Why not a concert under a waterfall, or a dramatic presentation in a blizzard?1

September 20, 2007. I am standing on the bank of Lower Lynn Creek, just south of Bridgeman Park in North Vancouver listening to Barry Truax’s classic multichannel soundscape composition Riverrun in the midst of a rainstorm of biblical proportions. A sizable audience strains to hear the subtle blend of granular synthesized electronics and natural sounds of running water that constitute Riverrun through the pounding of rain on umbrellas and the raging creek below. Not being a native Vancouverite, I am astonished that someone thought it was a good idea to put a 4-channel speaker system out in the rain, and even more at the drenched yet remarkably phlegmatic audience. The composer grins cheerfully, pleased with this synergetic performance of art and nature.

Just down the way, at the edge of the swollen creek, lie a bit of bright orange snow fence and some tarped equipment: the forlorn remnants of Gordon Monahan’s Aquaeolian Harp installation that has, quite literally, been washed out. It took several hectic days to install the piece in which 4, 35-meter long piano wires are stretched from tree/resonators on the bank and anchored in the creek bed. Activated by the water, the long, vibrating strings perform—emitting low, eerie frequencies made audible, in this case, with the aid of contact microphones and an amplifier.2 Monahan, who has created aquaeolian installations in several permutations since 1990, forewarned the event’s producers about the fragility of this particular work. But September is generally a dry month, and only the day before the creek had mainly been a bed of exposed stones. Who could have expected that it would rise more than a meter during the night, asserting itself with a violence that denied any possible access? Monahan and the crew are disappointed but resigned at this demonstration of nature triumphing over art.
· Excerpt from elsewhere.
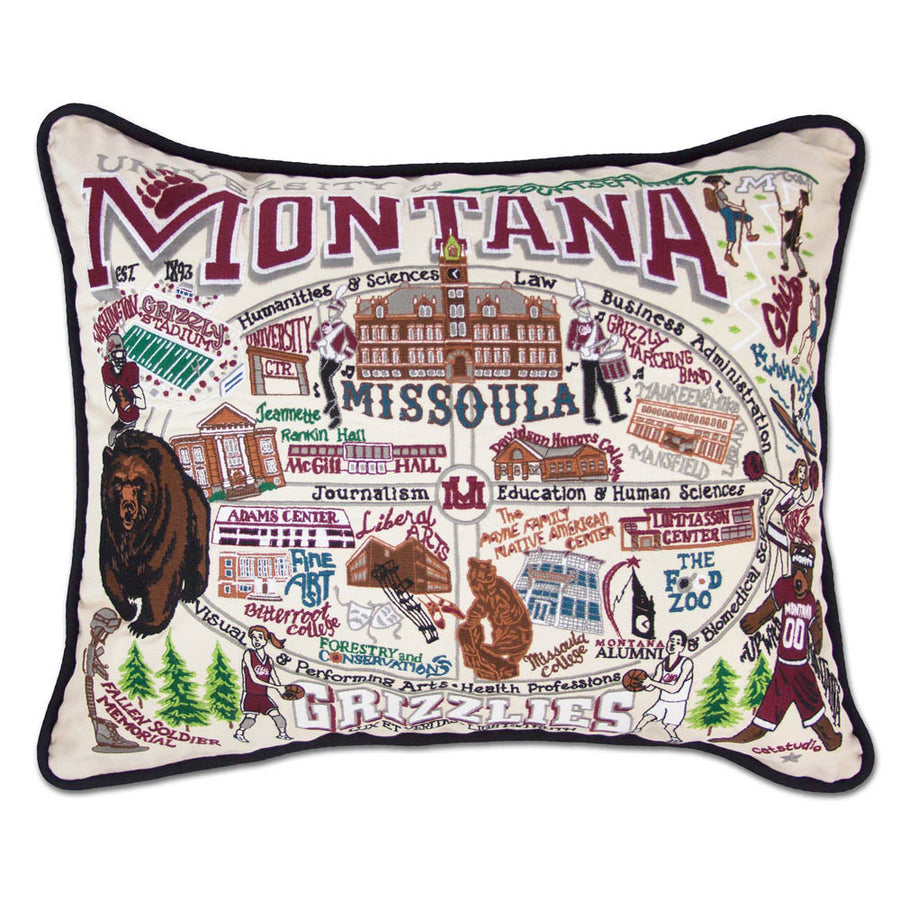 Montana, University of Collegiate Embroidered Pillow by CatStudio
Produced in collaboration with the Canadian Music Centre’s “New Music in New Places,” and B.C. Rivers Day, the Western Front’s Remote Access I has got me thinking about the ecology of experimental music. The impulse behind Remote Access, a series of three concerts curated by DB Boyko and realized by Ben Wilson and the Western Front’s intrepid technical crew, was to explore “our competing desires for new experiences and belonging within a community”.3 This same dichotomy is expressed somewhat differently by the Western Front's suggestive mandate to promote “the role of the artist in determining the cultural ecology”.4 As the heroic efforts behind producing Remote Access I demonstrate, asserting the relevance of contemporary music is an ongoing battle in a society that has largely devalued “art” as “entertainment”. How might thinking “ecologically” about experimental music affect our ideas of its meaning and value? Just what is the role of experimental music in determining “the cultural ecology”? My purpose in this essay is to address these questions through an analysis of Remote Access I based on my documentation of the event and interviews with those involved, and drawing on performance theorist Baz Kershaw’s ideas about “performance ecology”.

 

NOTES

1. R. Murray Schafer, “The Theatre of Confluence II” in Patria: The Complete Cycle (Toronto: Coach House Books, 2002): 93.
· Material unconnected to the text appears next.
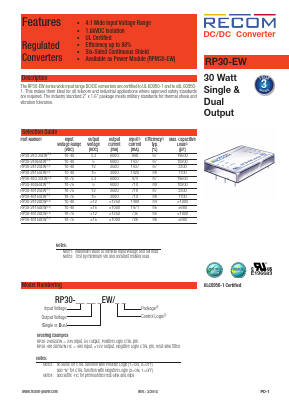 RP30-2405SEW Datasheet PDF RECOM Electronic GmbH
2. Other installations of Monahan’s Aquaeloian and Aeolian projects are documented on his website: www.gordonmonahan.com.

3. Remote Access included the following events: Remote Access I – River Works, September 20, 2007, 3 pm (including works by Truax, John Korsrud, Michael O’Neill, as well as Monahan’s installation); Remote Access II – Women in Electroacoustic Music, Saturday, October 13, 2007, 8:00 p.m. (including works by Tara Rogers, Sandy Scofield, Hildegard Westerkamp, and Katherine Norman); Remote Access III Lee Hutzulak (electronics) Friday, October 26, 2007, 6-11:00PM.

4. The slogan follows the Western Front’s brand on its website used until quite recently.